The most probable area of action is likely to be a push to take the region round the port of Mariupol in order to link Russia itself with Crimea, the so-called “Crimea corridor.” Already Moscow has tried to close off the adjoining Sea of Azov on the pretext of holding naval exercises. “They are using international law, such as the laws of the sea, to gain advantage,” Hanna Shelest told me. “It’s the employment of ‘lawfare’ – which they are also using in the Arctic.”
One of the biggest constraints for Putin is time. He can only keep the armoured and motor rifle units, the 100,000 now forming up in four huge concentration areas, for a few weeks at most. This gives the lie to the idea that they can wait for the spring or to the end of January at the earliest. He is also beginning to feel his age as he approaches 70 and he may be worrying about his health giving out.

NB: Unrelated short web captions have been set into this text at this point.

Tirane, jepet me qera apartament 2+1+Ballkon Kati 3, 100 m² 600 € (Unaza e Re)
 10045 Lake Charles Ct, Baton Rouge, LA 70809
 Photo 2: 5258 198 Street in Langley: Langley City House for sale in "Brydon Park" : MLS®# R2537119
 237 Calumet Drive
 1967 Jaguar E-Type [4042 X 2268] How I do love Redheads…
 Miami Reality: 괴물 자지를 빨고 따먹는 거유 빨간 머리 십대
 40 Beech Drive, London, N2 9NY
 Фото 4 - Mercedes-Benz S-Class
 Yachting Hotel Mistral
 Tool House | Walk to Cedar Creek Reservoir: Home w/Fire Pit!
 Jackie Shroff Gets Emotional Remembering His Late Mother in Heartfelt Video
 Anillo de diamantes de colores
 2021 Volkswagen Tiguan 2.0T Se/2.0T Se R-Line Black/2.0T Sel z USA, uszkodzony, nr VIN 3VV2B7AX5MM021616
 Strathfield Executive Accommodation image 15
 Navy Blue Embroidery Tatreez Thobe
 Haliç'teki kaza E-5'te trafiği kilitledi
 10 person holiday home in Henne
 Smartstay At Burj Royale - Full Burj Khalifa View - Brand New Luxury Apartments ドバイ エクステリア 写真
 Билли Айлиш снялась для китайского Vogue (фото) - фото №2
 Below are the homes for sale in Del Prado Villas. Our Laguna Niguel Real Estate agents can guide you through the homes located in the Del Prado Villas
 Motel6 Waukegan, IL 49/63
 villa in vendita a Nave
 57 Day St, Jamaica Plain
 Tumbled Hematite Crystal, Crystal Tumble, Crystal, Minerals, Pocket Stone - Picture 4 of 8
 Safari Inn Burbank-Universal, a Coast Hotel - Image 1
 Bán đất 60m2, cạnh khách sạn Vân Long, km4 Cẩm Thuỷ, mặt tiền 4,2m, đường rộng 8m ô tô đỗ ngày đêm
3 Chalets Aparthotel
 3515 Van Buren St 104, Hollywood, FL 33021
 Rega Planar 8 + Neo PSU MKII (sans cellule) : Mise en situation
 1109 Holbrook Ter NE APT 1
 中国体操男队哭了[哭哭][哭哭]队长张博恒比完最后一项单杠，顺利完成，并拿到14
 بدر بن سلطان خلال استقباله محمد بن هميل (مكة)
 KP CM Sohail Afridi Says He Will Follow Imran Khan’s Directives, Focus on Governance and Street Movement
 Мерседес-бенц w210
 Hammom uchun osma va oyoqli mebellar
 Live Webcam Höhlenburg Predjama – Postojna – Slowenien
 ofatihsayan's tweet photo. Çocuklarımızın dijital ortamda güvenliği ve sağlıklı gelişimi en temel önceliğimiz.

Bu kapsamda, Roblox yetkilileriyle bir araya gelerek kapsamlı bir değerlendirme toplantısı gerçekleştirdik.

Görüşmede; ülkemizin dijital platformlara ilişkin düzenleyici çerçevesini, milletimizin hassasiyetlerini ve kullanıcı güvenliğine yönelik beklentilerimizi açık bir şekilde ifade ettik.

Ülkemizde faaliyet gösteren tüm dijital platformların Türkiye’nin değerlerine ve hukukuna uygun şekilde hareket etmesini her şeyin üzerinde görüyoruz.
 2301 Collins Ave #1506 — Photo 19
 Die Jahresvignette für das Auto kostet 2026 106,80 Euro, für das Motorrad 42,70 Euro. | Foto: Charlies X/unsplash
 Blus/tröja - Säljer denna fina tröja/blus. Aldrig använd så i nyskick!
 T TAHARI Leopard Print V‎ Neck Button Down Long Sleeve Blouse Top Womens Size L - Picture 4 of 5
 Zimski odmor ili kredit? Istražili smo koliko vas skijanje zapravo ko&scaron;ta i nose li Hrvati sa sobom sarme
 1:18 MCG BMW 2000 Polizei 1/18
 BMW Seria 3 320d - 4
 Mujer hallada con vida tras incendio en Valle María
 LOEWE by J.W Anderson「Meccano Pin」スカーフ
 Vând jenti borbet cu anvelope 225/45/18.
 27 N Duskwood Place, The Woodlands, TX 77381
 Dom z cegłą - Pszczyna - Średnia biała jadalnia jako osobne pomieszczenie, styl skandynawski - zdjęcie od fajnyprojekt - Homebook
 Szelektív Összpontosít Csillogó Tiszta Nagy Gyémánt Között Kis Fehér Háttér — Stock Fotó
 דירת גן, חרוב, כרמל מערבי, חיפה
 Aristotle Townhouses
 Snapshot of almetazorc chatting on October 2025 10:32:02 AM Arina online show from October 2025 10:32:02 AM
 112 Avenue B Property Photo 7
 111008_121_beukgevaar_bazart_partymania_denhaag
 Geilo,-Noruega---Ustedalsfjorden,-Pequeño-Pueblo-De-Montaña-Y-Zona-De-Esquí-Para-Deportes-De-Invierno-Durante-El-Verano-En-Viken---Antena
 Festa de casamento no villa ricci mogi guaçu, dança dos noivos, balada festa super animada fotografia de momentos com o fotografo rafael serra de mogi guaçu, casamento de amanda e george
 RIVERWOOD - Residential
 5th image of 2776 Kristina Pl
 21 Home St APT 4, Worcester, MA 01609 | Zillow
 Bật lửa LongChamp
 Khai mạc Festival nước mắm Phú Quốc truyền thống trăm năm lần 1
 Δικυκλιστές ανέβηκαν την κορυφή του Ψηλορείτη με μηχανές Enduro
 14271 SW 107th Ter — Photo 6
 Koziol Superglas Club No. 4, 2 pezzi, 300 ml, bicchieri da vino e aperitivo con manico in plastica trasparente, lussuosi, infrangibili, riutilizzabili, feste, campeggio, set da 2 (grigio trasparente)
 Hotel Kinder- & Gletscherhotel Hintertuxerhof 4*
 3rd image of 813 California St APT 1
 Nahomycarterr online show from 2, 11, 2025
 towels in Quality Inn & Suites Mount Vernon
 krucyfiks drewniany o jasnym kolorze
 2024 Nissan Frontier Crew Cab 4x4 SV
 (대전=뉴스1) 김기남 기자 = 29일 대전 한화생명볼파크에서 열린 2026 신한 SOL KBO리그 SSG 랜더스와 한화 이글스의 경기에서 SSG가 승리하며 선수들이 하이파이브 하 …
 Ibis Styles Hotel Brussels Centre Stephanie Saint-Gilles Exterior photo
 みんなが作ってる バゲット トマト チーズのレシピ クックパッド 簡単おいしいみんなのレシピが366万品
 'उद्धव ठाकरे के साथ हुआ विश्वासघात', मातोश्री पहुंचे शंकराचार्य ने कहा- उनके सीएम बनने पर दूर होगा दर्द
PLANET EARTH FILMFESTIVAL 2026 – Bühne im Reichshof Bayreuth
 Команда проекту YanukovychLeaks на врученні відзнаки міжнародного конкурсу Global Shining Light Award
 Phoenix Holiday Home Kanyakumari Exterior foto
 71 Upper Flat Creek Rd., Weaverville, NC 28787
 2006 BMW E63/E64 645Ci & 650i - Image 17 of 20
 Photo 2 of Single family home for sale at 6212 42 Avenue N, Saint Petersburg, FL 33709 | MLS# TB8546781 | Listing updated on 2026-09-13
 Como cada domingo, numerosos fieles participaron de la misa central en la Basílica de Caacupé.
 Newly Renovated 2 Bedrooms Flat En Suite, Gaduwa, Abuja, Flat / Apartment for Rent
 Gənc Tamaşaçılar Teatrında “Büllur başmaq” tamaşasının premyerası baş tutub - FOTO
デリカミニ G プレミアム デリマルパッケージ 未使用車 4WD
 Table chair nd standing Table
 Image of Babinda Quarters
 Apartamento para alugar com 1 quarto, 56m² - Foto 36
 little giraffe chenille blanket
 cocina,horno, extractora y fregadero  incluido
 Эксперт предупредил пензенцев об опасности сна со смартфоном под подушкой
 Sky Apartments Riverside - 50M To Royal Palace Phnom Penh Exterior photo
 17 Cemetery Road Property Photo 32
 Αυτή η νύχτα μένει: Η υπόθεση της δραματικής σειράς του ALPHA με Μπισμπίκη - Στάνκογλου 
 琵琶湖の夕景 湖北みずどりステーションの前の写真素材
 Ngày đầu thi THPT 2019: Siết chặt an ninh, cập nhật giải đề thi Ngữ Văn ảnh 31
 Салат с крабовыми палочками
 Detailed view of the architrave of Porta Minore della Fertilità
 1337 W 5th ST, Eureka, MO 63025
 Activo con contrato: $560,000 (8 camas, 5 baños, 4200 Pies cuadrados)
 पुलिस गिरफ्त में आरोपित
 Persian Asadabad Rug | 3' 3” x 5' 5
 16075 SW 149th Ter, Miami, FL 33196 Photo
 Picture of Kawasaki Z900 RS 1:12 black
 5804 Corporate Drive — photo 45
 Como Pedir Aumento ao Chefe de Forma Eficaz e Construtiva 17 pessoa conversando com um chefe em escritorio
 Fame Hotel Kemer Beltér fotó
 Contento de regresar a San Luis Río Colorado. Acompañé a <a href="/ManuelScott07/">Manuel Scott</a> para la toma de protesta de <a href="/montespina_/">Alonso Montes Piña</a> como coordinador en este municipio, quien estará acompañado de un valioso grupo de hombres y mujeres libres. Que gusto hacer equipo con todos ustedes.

Another problem is the growing sophistication of Ukrainian forces. They have recently acquired Turkish Bayraktar Tb2 strike drones. These proved highly effective, and decisive even, in conflicts in Libya and Nagorno Karabakh last year. The Bayraktars are now being made under Turkish licence in Ukraine itself – where manufacturing and development facilities are more advanced than in Turkey itself.
In Nagorno Karabakh last year, the new missiles proved battle winners in combination with new Israeli munitions, command and targeting equipment then appearing on the battlefield for the first time. The so-called ‘suicide drones’ and Israel Harap (Harp 2) loitering strike drone proved devastating against the older Russian military weaponry used by the Armenian forces. The use of Israeli weapons and systems with the Turkish drones in Ukraine now could be devastating against Russian battle tanks and heavy artillery batteries. “I suspect there would be a lot of electronic warfare, jamming and hacking of the different command systems,” says Hanna Shelest.
Putin senses that he has got the Biden administration on the back foot, an impression reinforced by Secretary of State Antony Blinken suggesting that talks about the European security system should be opened in a month’s time. This is likely to encourage further rounds of abusive behaviour from Moscow, our three Ukrainian commentators agreed.
In the past two days, gas supplies to Germany have been slowed down. According to Putin this is merely owing to ‘commercial factors.’
Putin and his ministers may be bidding high in their latest challenge to the US, Nato and the EU leadership, but they know their demands cannot be met. They are a little more than a complete redrawing of the European security order since 1989, and the terms laid out at the crucial Nato summit in Bucharest in 2008. Sergei Lavrov demanded a signed treaty that Nato weapons wouldn’t be deployed forward in former USSR countries now in Nato and that Ukraine and Georgia will never join the alliance. “The document of demands is too vague, and they know it can’t be discussed seriously,” Hanna suggests. “They are not a basis for negotiation.
“It’s a cheap ultimatum. It’s typical of a domestic violence situation, in order to make the victim feel guilty.”